Guardavano la Luna ogni notte da quella grande finestra, a luci spente.
Sembrava fatta apposta per ammirarla, fra le larghe imposte bianche, vi appariva come in un teatrino delle marionette, grande, luminosa.
Sua mamma che veniva a spegnergli le luci ogni sera non sapeva di quel loro piccolo rituale giacché il piccolo, passata la ronda, imbastiva il momento come un clandestino, come se prendere il the col suo migliore amico al chiaro di luna fosse qualcosa da tenere nascosto, quasi illegale. Ma la mamma non vedeva di buon occhio le ore piccole, c’era il coprifuoco a casa loro.
Ed eccola lì, la loro piccola ribellione, la loro protesta, stagliata contro la luce argentea della luna, le urla rivoltose nel silenzioso soffio sul vapore, a far raffreddare il nulla più bollente.
Era un’altra serata in riva al mare, di quelle che più piacevano ad Astolfo, fresche, con una lieve brezza che soffiava amena, e ovviamente la sua luna lì alta nel cielo.
Ma aveva anche qualcosa di speciale: sarebbe stata l’ultima.
La sera dopo, con la luna piena, sarebbe partito, proprio verso di lei.
Perché?
Perché sì. La Luna è la Luna. Ha sempre avuto un fascino irresistibile. Quello della madre che lui avrebbe sempre voluto avere, quella che sconfigge le tenebre con la sua tenera luce.
Casa diventava sempre più invivibile. Stava crescendo e le regole dei suoi genitori gli stavano sempre più strette.
L’ultima l’aveva fatto piangere non poco: volevano prendersi Chang!
“Sei grande! – dicevano – devi smetterla di giocare coi peluche!”
Non capivano che lui era il suo unico, migliore amico.
«Ma sulla Luna non ci sono regole, dico bene?» cercò conferma nei dentoni di stoffa del suo compare.

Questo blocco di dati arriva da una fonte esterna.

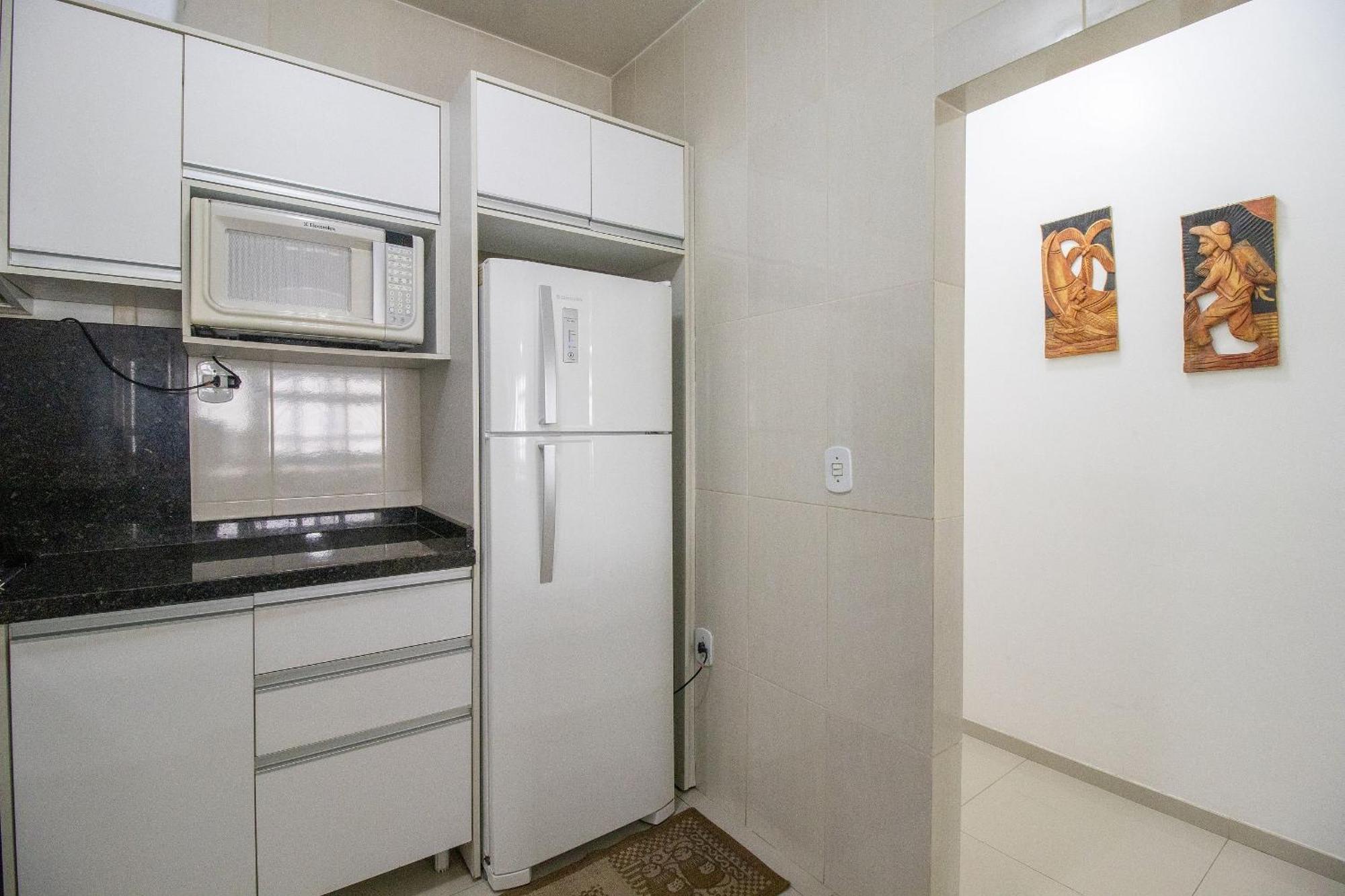Ferienwohnung Prn12 - Climatizado, Prox Calcadao, Sacada, 2 Dorm Balneário Camboriú Exterior foto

L’indomani, mentre il sole stava per tramontare alle spalle della casa, Astolfo preparava gli ultimi ritocchi alla sua nave: una porta, con due barili vuoti legati alle estremità e albero maestro e vela formati, rispettivamente, da un ramo e da vari teli e buste di plastica fuse insieme colla fiamma di un accendino. E’ assurdo quello che la gente getta in spiaggia. Ma almeno stavolta gli saranno utili quelle cianfrusaglie.
La mamma lo chiamò per la cena.
Dopo la buonanotte indugiò un attimo sulla soglia al pensiero di abbandonare i suoi, ma poi si fece forza e si disse che comunque ogni tanto sarebbe potuto tornare, almeno per informarli di quanto si trovava bene lassù.
Zaino in spalla si fiondò in spiaggia, con Chang sotto braccio, spinse la nave che teneva nascosta dietro delle frasche e vi guizzò sopra.
Persino la brezza marina, quella notte, era dalla sua parte, e gli gonfiò le vele, generosa.
Non ebbe il tempo nemmeno di complimentarsi con sé stesso per l’ottima partenza, che già una lingua d’argento fece capolino oltre l’orizzonte, delimitando finalmente mare e cielo che prima erano indistinguibili.
E da lì fu un lungo trionfo, una parata lenta e maestosa, mentre la Luna lasciava la coperta d’acqua scura e si ergeva ad illuminare la notte e a far invidia alle stelle.
Aveva scelto proprio la luna piena perché, essendo così grande, non poteva certo mancarla!
«Come dici, Chang? Ah è vero! Non abbiamo preso l’acqua per il the! Beh, fa niente, ne abbiamo quanta vogliamo qui» ridacchiò indicando la distesa blu notte che si estendeva a perdita d’occhio.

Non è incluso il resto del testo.